What you should do: In the material below, find the line with "Mid-Century Modern Scandinavian" and the line with "Washed cement screed". Output exactly those two lines and all lines between them, leaving out pictures.

Supplied records:
=======

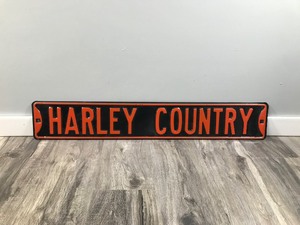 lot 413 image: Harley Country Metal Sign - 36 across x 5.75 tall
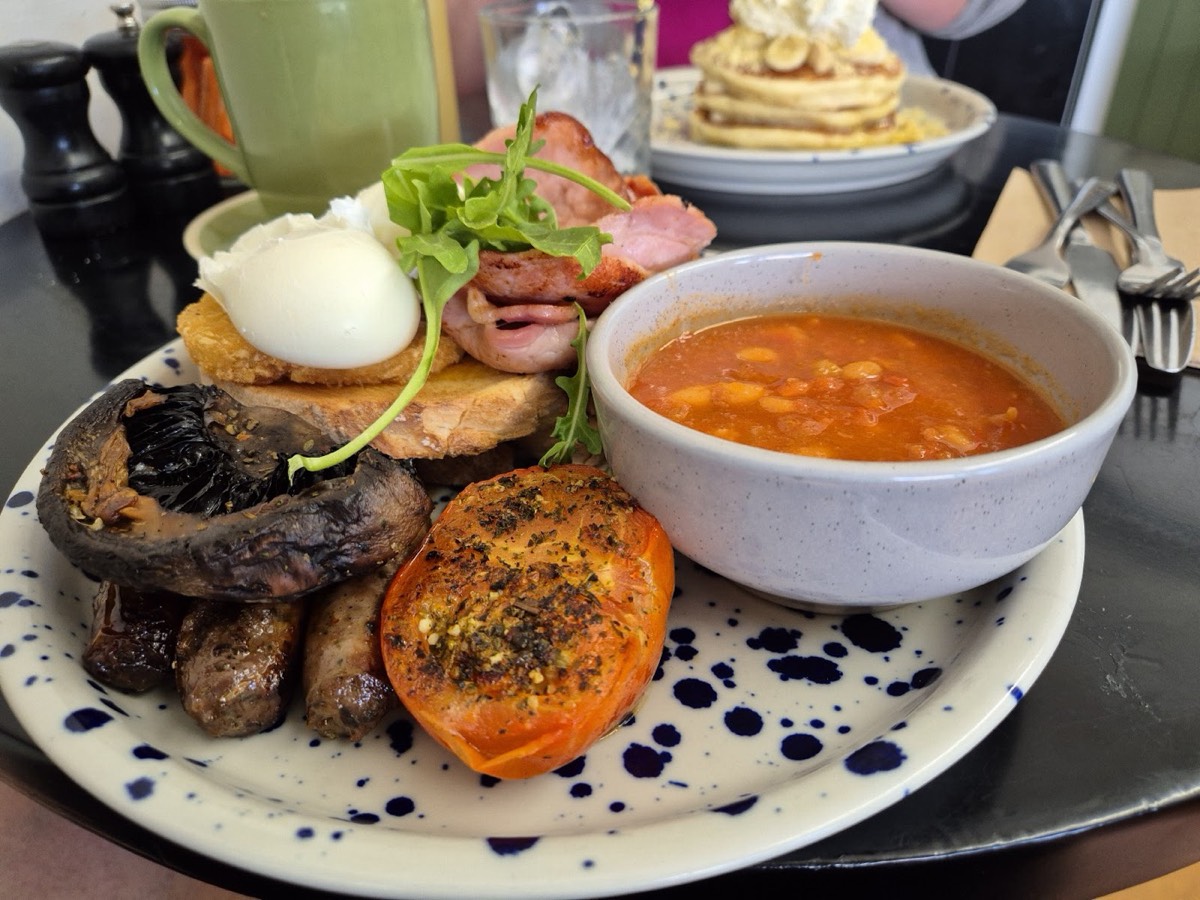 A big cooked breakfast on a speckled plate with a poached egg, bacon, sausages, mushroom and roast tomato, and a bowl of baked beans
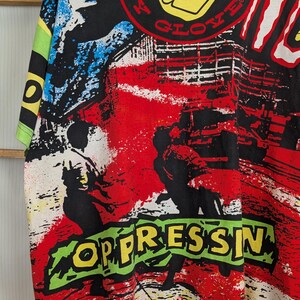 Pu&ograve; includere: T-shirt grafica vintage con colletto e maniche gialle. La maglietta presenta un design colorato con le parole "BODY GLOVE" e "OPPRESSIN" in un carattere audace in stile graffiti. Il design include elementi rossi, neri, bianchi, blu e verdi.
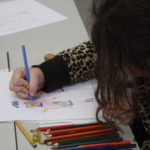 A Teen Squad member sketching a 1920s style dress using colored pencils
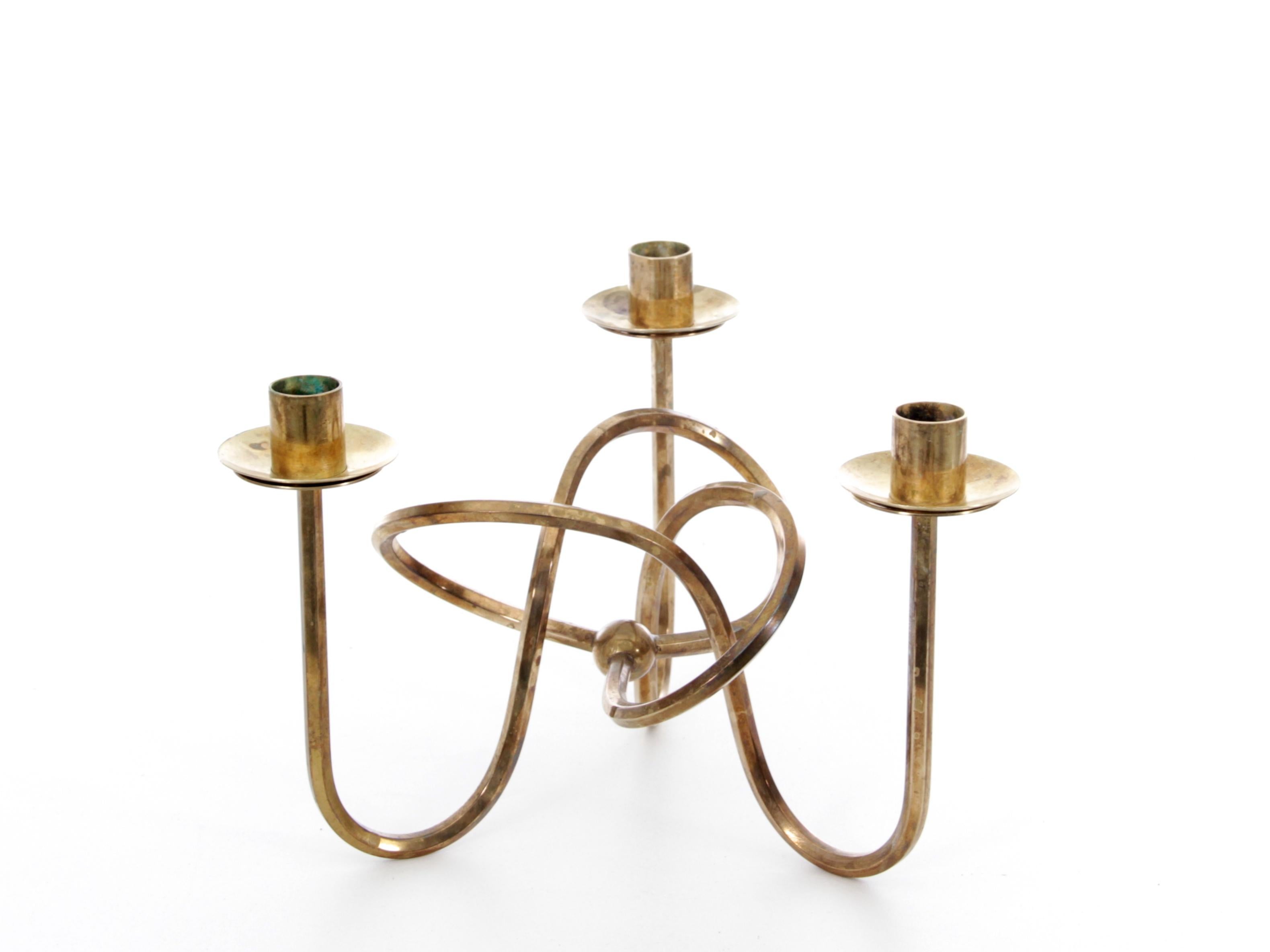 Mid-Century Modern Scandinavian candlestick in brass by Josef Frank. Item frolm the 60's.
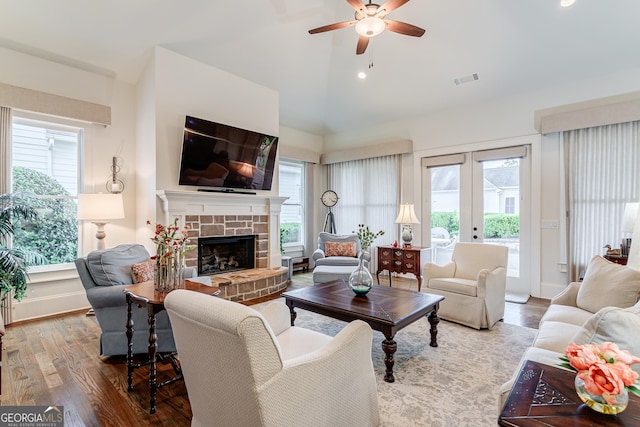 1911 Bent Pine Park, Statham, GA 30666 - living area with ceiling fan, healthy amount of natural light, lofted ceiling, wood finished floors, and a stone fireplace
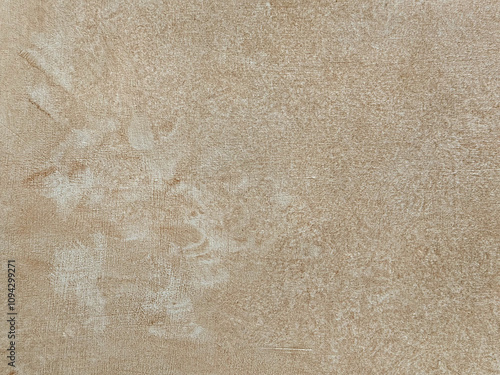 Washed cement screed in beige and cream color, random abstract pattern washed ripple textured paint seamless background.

=======

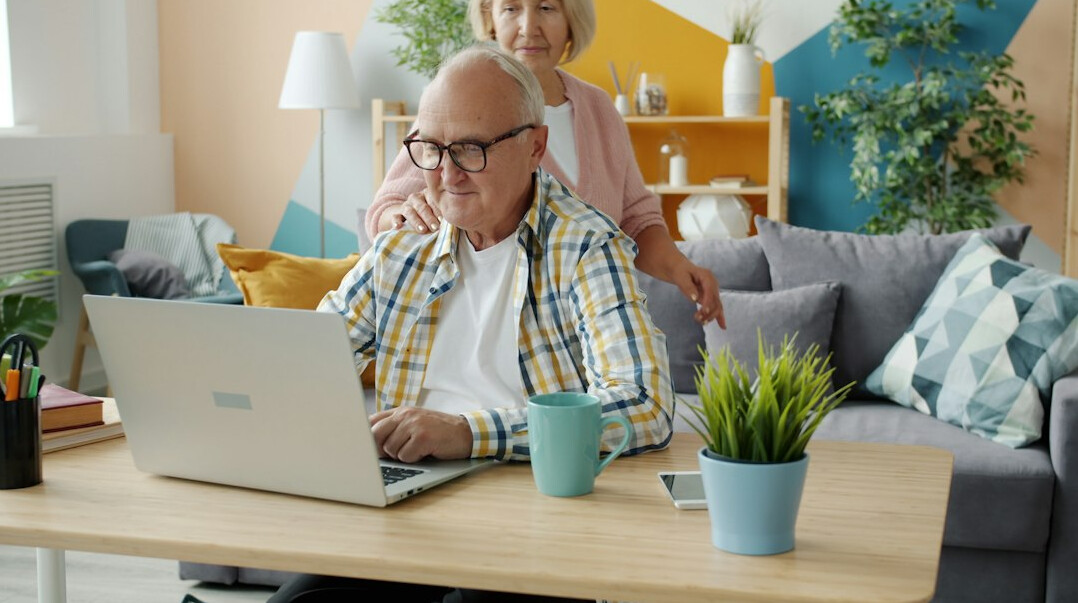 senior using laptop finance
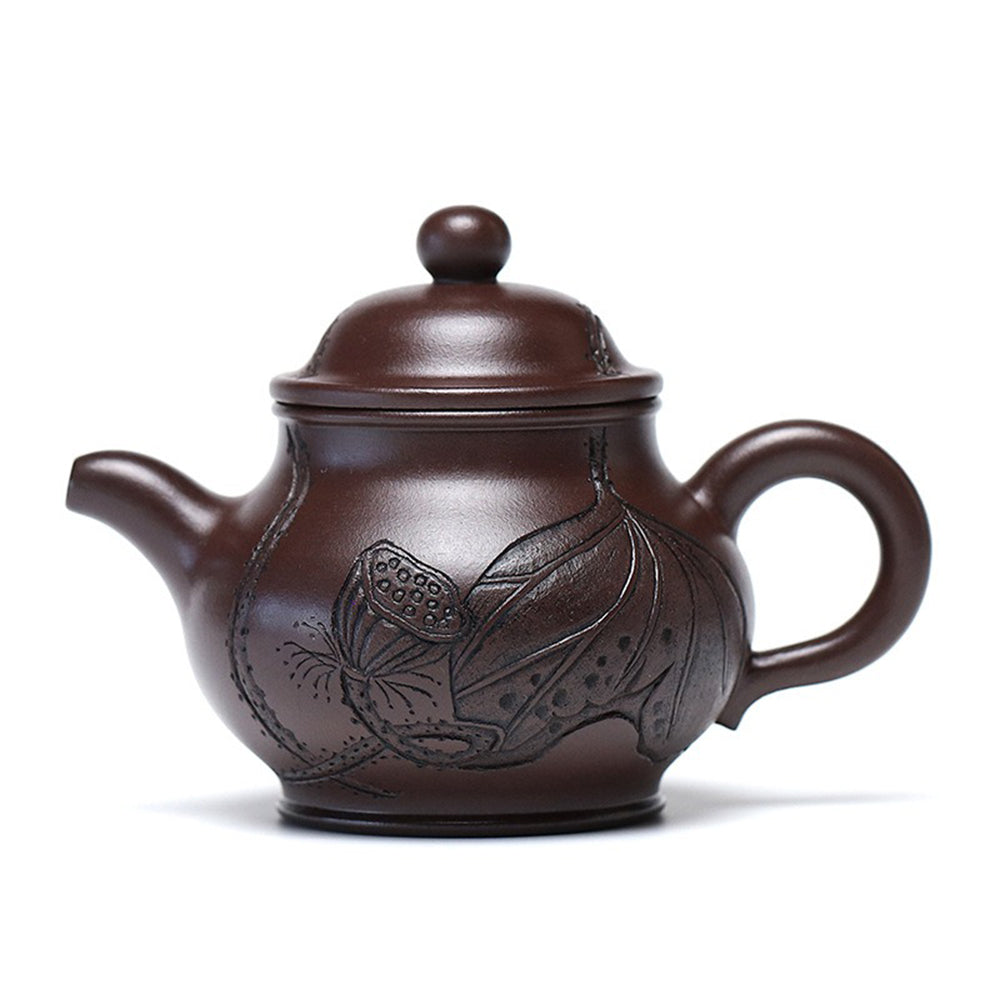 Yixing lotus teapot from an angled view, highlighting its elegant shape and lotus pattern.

=======

Answer for the task:
 Mid-Century Modern Scandinavian candlestick in brass by Josef Frank. Item frolm the 60's.
 1911 Bent Pine Park, Statham, GA 30666 - living area with ceiling fan, healthy amount of natural light, lofted ceiling, wood finished floors, and a stone fireplace
 Washed cement screed in beige and cream color, random abstract pattern washed ripple textured paint seamless background.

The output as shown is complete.